Work order: Pictures stay out of the copy. Retype exactly the lines below from the one with "FFF Relaxed Women's" through the one with "Maison 7 Pièces".

Records shown:
- - - - -
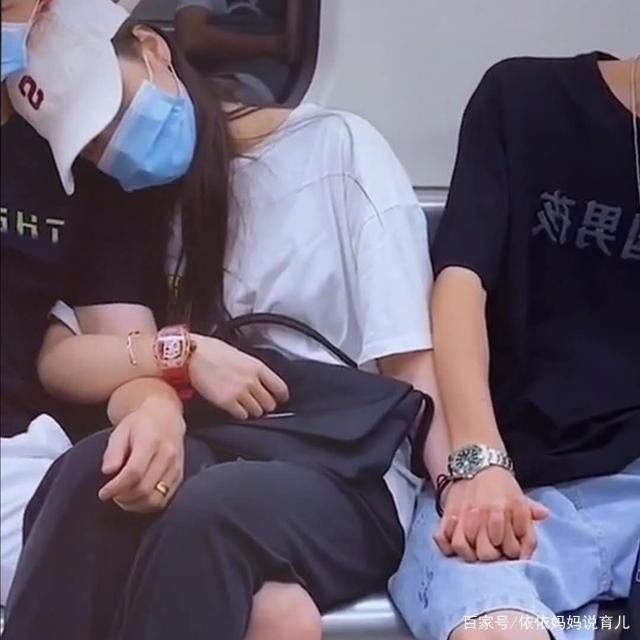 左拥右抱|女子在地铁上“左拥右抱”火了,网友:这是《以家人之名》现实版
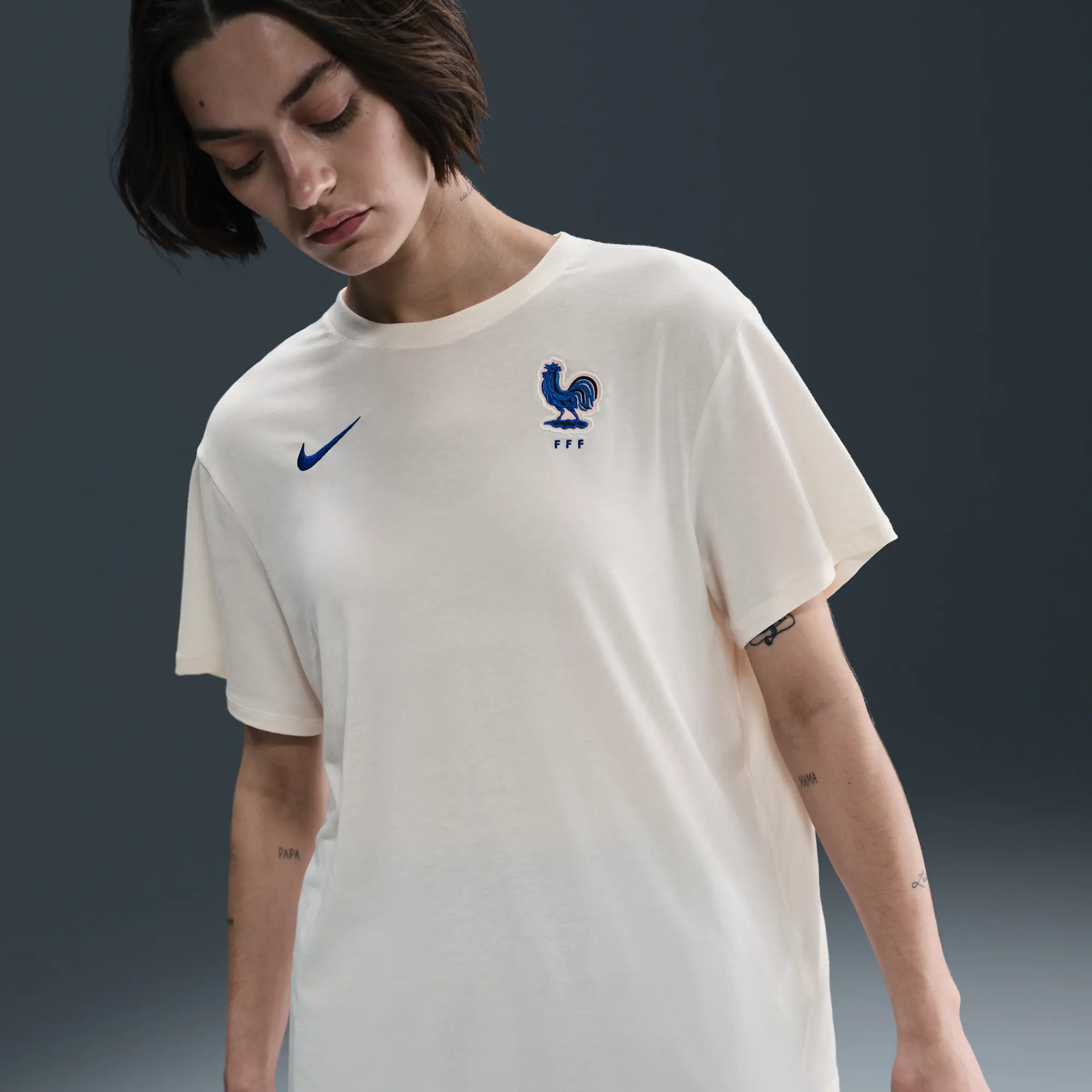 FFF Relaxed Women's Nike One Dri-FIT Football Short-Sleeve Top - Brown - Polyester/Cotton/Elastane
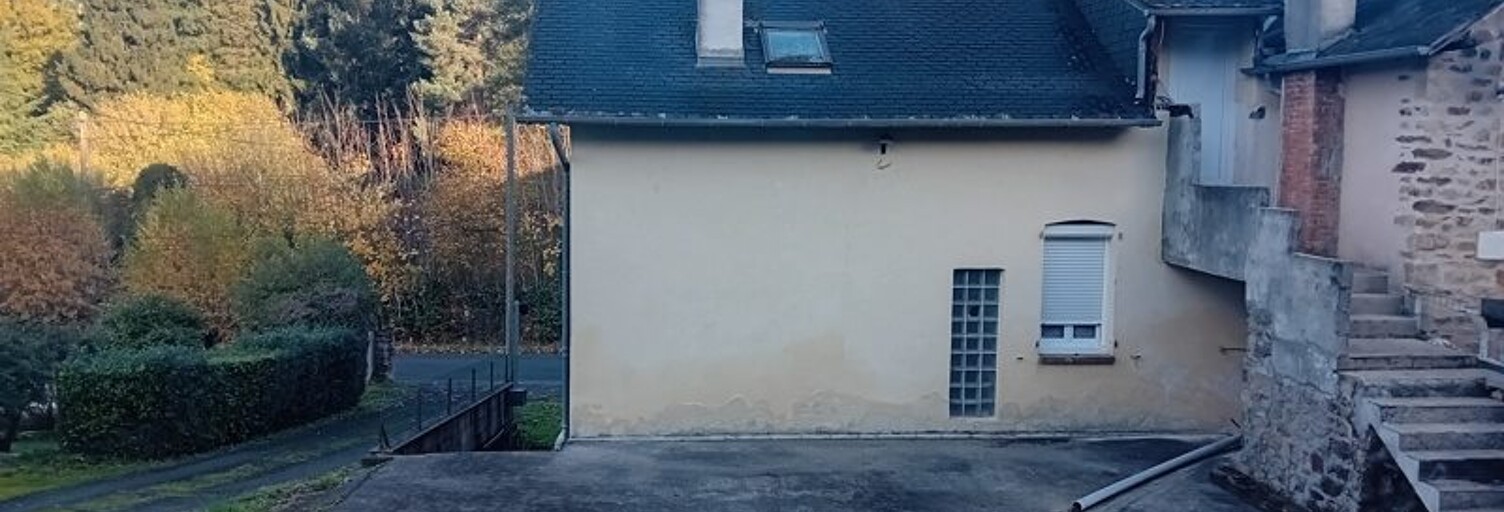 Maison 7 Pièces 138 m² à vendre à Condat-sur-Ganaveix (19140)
- - - - -
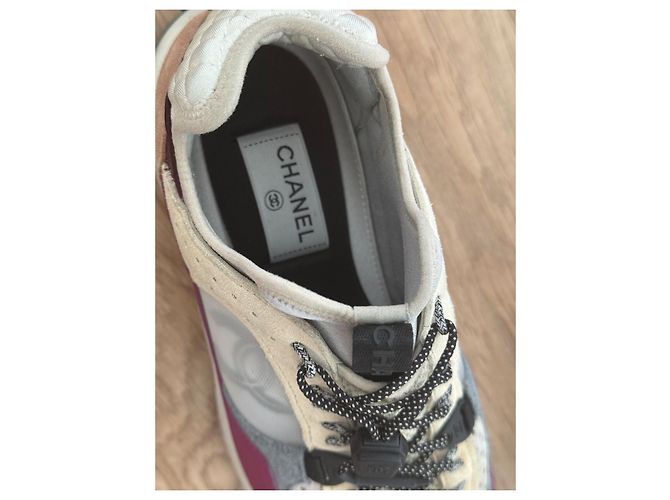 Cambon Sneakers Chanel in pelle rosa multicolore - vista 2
- - - - -
Answer section:
 FFF Relaxed Women's Nike One Dri-FIT Football Short-Sleeve Top - Brown - Polyester/Cotton/Elastane
 Maison 7 Pièces 138 m² à vendre à Condat-sur-Ganaveix (19140)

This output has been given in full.